The new major championship season in golf — one each month, starting with the Masters in April — could take time before players can adjust. And that was just the start. Throw in the Olympics and the Ryder Cup next year, and the schedule will be relentless.
“I felt like majors were coming almost too fast, one after the other,” Francesco Molinari said. “And to add the Olympic Games, too, it’s not going to be an easy year for anyone. … So that’s how golf is right now, and we just need to make the most of it.”
It wasn’t that big of a deal for Tiger Woods, who played only 16 competition rounds in those 102 days. Woods pledged late last year that he wasn’t going to be playing as much, and he lived up to his word.
“It seems yesterday we were playing in Augusta and, all of a sudden, the four majors are gone,” said Molinari, who is skipping the World Golf Championships event this week in Memphis, Tennessee. “So I think it’s something that hopefully next year we will get more used to it. But this year it’s been a big change.”
The Italian wasn’t alone in his thinking.
“The schedule has been tough this year,” Tommy Fleetwood said. “If you’re not playing great, you actually don’t have time this year to develop your game because you don’t have that time to take periods off, really. You’re constantly playing and you always have to turn up and perform with the way that it goes.”
Justin Rose touched on this at the Wells Fargo Championship in early May. He said for years, the Masters ended and players didn’t have to think about majors for nearly two months. He felt the schedule was too condensed, which he attributed to the FedEx Cup wanting to finish in August ahead of football season.
Rose won the FedEx Cup last year, along with the $10 million bonus.
“For me, a major championship should be the things that are protected the most,” Rose said. “That’s how all of our careers ultimately are going to be measured.”
This season, 18 golfers made the cut in all four majors — the most since 2015 and an increase of 11 from 2018. Among them were Rickie Fowler, Brooks Koepka, Dustin Johnson, Matt Wallace and Cameron Smith.
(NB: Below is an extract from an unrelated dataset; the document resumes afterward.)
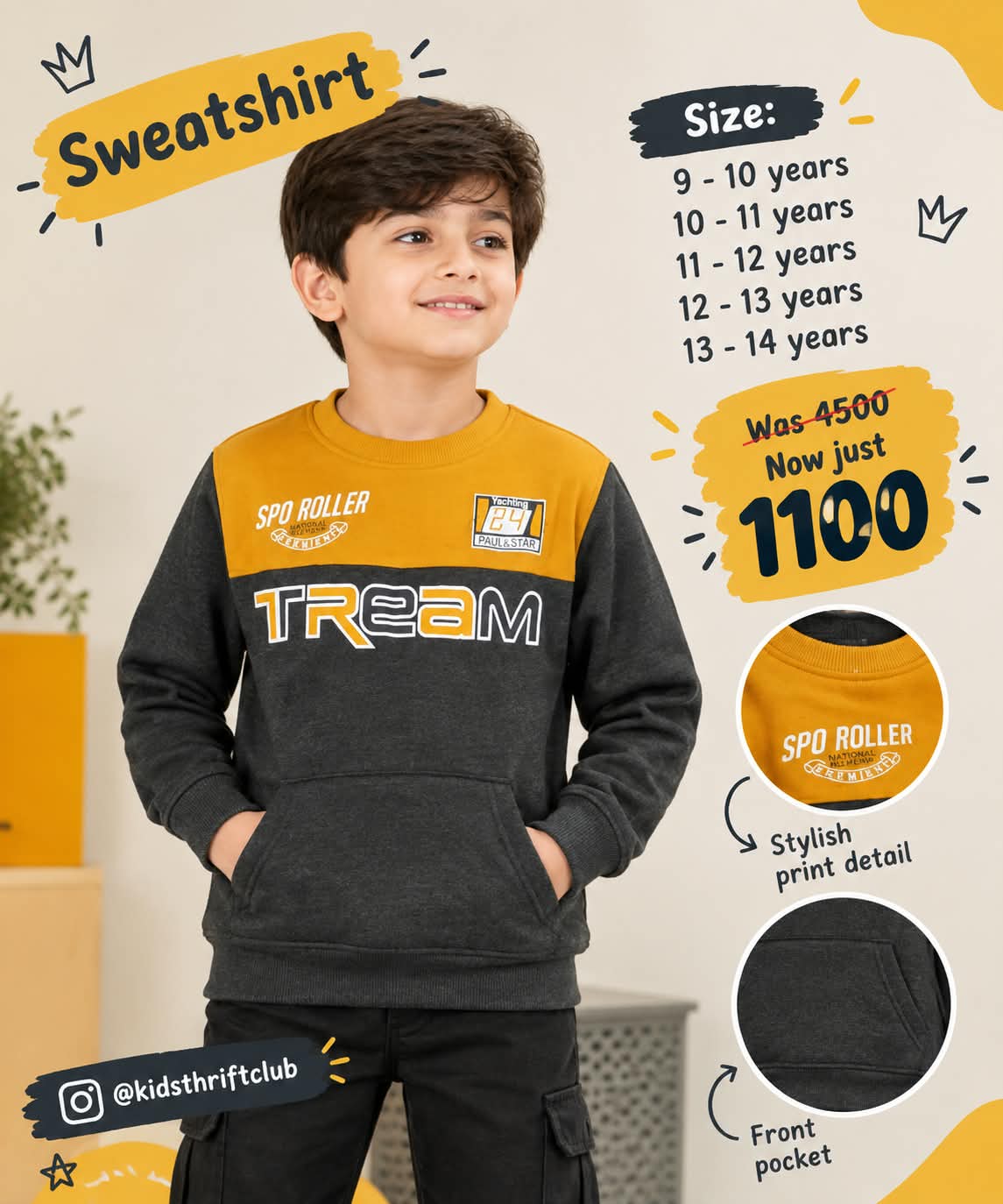 Tream Mustard and Charcoal Colorblock Sweatshirt for Boys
The only golfer who missed the cut in all four majors was Shugo Imahira, who received a special foreign invitation to the Masters this year.
There are 263 days between the end of the Open Championship and the start of the Masters next year. That’s the longest gap between majors since 1971, when the PGA Championship was held in Florida and moved to February. The Open ended on July 15 that year.